Aluminum (Aluminium if your British) Copper, Stainless Steel and Ceramic cookery are best cleaned until nothing comes off... not cast iron.
It would be like trying to dig all of the dirt out of your back yard. It would get very hot and then you would find China.
This thread is a bit old, but since it just popped to the top again, and since I just used and cleaned my old cast iron skillet, I thought I would add my experience.
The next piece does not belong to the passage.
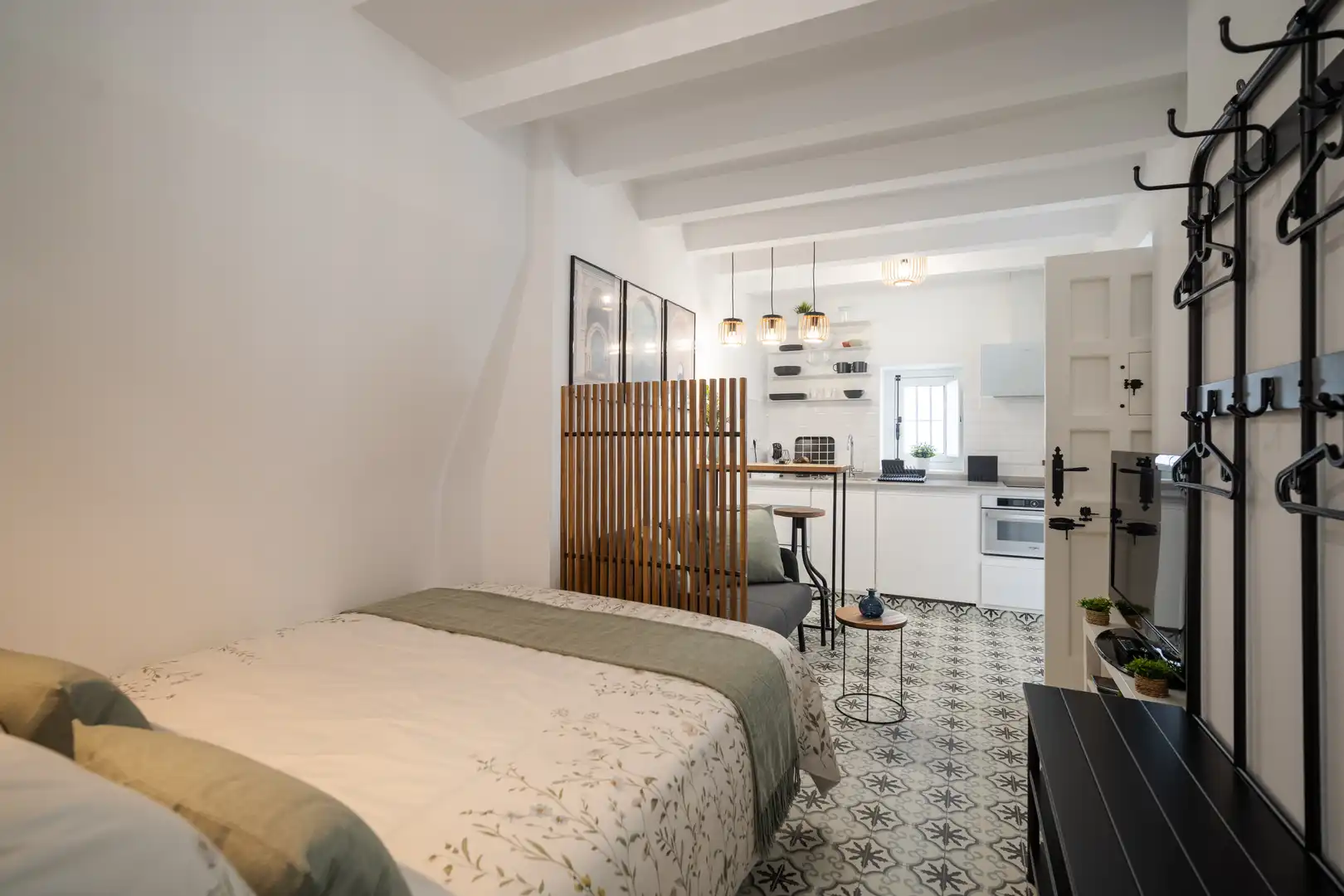 Schlafzimmer von Loft zum Verkauf in Vejer de la Frontera mit Möbliert
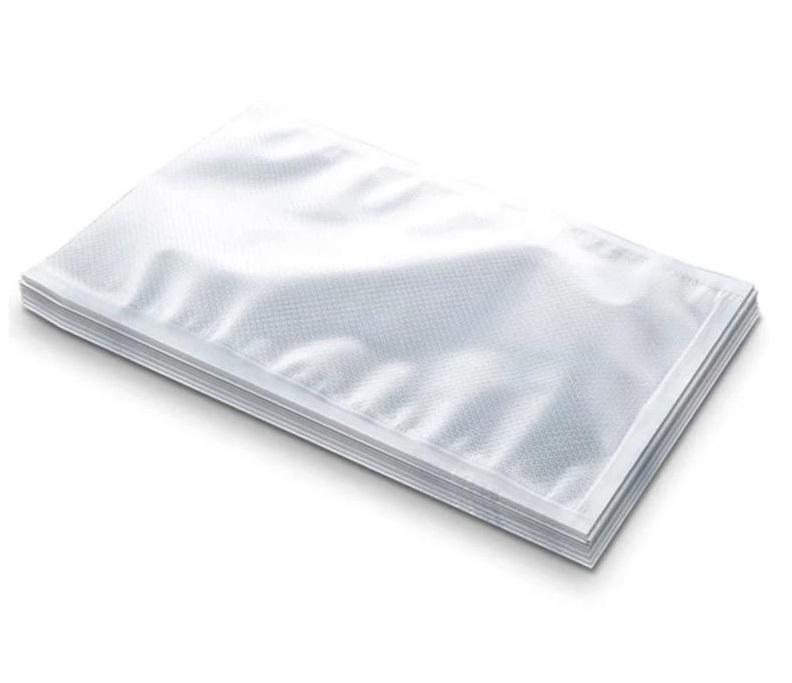 Пакеты для вакуумного упаковщика 25x30 см 10 штук гофрированные рифленые Пакеты для вакуумного упаковщика 25x30 см 10 штук гофрированные рифленые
I used the pan only to heat some precooked sausages, using very little (canola) oil. Later I washed it in my usual way: a few drops of Dawn liquid detergent, hot tap water, soak about a minute or less, clean with a plastic scrubber (the kind that is attached to sponge), then rinse with hot tap water. The water beads on the surface, indicating the the seasoning is intact. Wipe with a paper towel then put a flame under it for half a minute or so to dry thoroughly. The surface now looks clean ans smooth — semi-glossy.
After reading this thread, I then wiped the surface with a clean paper towel, and it picked up a very small brown stain. It's certainly not something I'm worried about. In my opinion, the pan is clean and properly seasoned.
Disclaimer: I'm not trying to convince the "no-soap" crowd they're wrong, nor am I interested in entertaining arguments about how soap or detergent will harm the seasoning in a cast-iron pan. This is what I do, and it works for me.